▶ **Information shown**:
━━━━━━━━

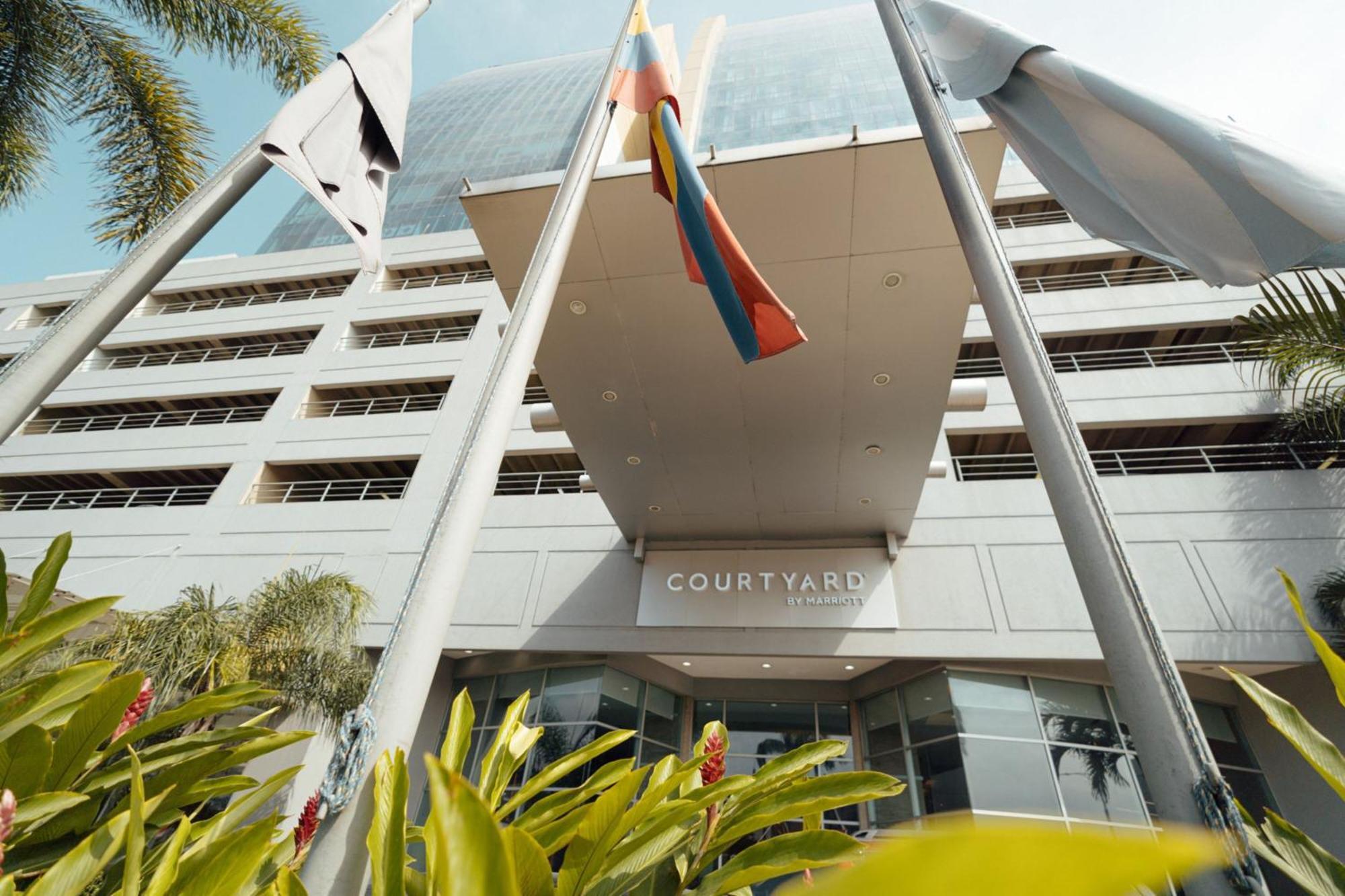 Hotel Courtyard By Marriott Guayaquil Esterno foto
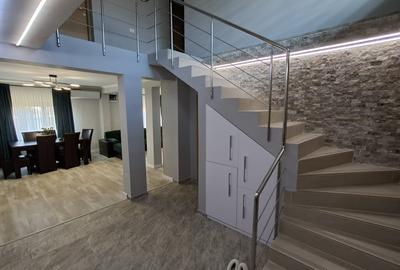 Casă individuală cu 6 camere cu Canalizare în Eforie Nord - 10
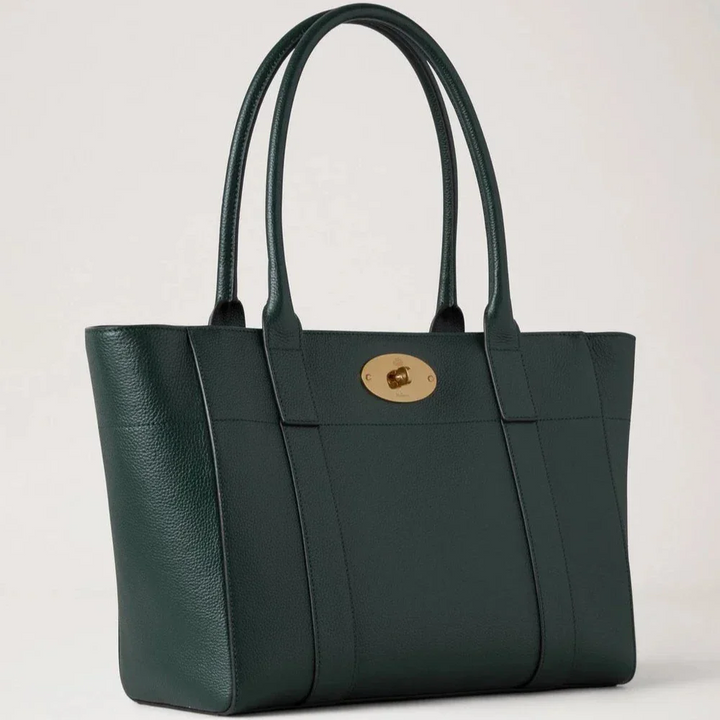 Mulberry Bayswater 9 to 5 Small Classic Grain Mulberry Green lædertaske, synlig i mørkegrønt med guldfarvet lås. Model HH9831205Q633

━━━━━━━━

▶ **The problem**: Here the lines from the one containing "Casă individuală cu" through the end of the material are to be copied exactly, with the pictures omitted.

▶ **Response box**:
 Casă individuală cu 6 camere cu Canalizare în Eforie Nord - 10
 Mulberry Bayswater 9 to 5 Small Classic Grain Mulberry Green lædertaske, synlig i mørkegrønt med guldfarvet lås. Model HH9831205Q633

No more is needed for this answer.